In 1954, the Grand Prix world championship ended its two-year hiatus under Formula 2 rules and was reconstituted under revised Formula 1 regulations. Now, engine capacity was limited to 2.5-liters naturally aspirated or 750cc supercharged.
Like most competitors, Ferrari went the naturally aspirated route. He continued use of Lampredi-designed four-cylinder engines in an update of his 553 F2 machines called the 553 F1. (The 533 F1’s generous midsection reminded some of a shark’s torso, and the car was nicknamed “Squalo.”)
But there were two thorns in Ferrari’s side that season. First, the 250 F from crosstown rival Maserati was a masterfully balanced machine, and it won the year’s first two races. Then Mercedes-Benz entered F1 in the season’s fourth race, and thereafter dominated the proceedings, winning the championship behind the driving of Juan Manuel Fangio.
At 1954’s last race, in Spain, Lancia entered the fray. The Turin automaker’s innovative Vittorio Jano-designed Ferrari D50 showed considerable promise, setting fastest lap before retiring with mechanical problems. No one could know that Lancia would influence Ferrari’s fortunes in a most unexpected way.
For 1955, Ferrari revised his cars’ chassis, suspension, and bodywork and coaxed more horsepower out of the engine. The new racer was called the 555 F1 “Super Squalo,” but it was to no avail. Mercedes dominated the season, the “Super Squalo’s” lone victory coming at Monaco.
Soon after the start of the season, racing lost one of its immortals. Two-time world champion Alberto Ascari died at Monza in the wreck of a Ferrari he had borrowed for practice. Ascari was at the time Lancia’s lead F1 driver. Lancia was already experiencing financial troubles, and Ascari’s death was another layer of misery.

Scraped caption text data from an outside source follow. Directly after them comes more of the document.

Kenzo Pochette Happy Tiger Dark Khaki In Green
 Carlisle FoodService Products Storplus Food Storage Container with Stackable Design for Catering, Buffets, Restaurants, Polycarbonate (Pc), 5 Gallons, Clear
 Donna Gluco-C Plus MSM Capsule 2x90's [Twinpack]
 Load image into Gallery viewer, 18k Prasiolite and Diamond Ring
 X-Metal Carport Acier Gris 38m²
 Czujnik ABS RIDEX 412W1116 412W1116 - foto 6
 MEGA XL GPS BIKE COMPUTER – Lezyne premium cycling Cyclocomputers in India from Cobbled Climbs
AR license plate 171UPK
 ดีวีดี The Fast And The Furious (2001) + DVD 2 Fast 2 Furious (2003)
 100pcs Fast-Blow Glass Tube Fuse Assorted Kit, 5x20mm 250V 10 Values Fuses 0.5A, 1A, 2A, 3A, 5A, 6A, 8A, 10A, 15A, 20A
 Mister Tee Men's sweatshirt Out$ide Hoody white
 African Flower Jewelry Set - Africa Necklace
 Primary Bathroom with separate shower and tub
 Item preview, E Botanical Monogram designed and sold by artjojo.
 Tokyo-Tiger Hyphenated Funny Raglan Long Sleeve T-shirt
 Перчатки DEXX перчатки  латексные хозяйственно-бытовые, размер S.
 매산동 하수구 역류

In July, after protracted negotiations, Lancia handed over to Ferrari six D50s and the services of engineer Vittorio Jano. Fiat agreed to offer financial support so Ferrari could compete against the German onslaught.
The Ferrari D50 was loaded with innovations. It boasted F1’s first V-8 engine. Its gearbox and clutch were in unit with the final drive. And it wore its fuel tanks as bodyside pods. The tanks’ placement helped in weight distribution and acted as aero-dynamics aids.
Still, it wasn’t enough to unseat Mercedes, and Fangio again won the 1955 world championship. But in the wake of the 1955 carnage at Le Mans, Mercedes decided to withdraw from Grand Prix and sports-car racing.
Fangio came over to Ferrari for the ’56 F1 campaign. The Ferrari D50 evolved, with Ferrari’s men creating a modified body that incorporated the main fuel supply in the tail while retaining the side pods as auxiliary tanks. The suspension was altered, and additional bracing was employed in the engine compartment.
Fangio and the Ferrari D50 claimed the world championship for Ferrari, its first since Ascari’s in 1953. It was a thrillingly tight title charge, the great Argentinean finishing with 30 championship points to 27 for Stirling Moss in the Maserati. Ferrari’s Peter Collins was third, with 25.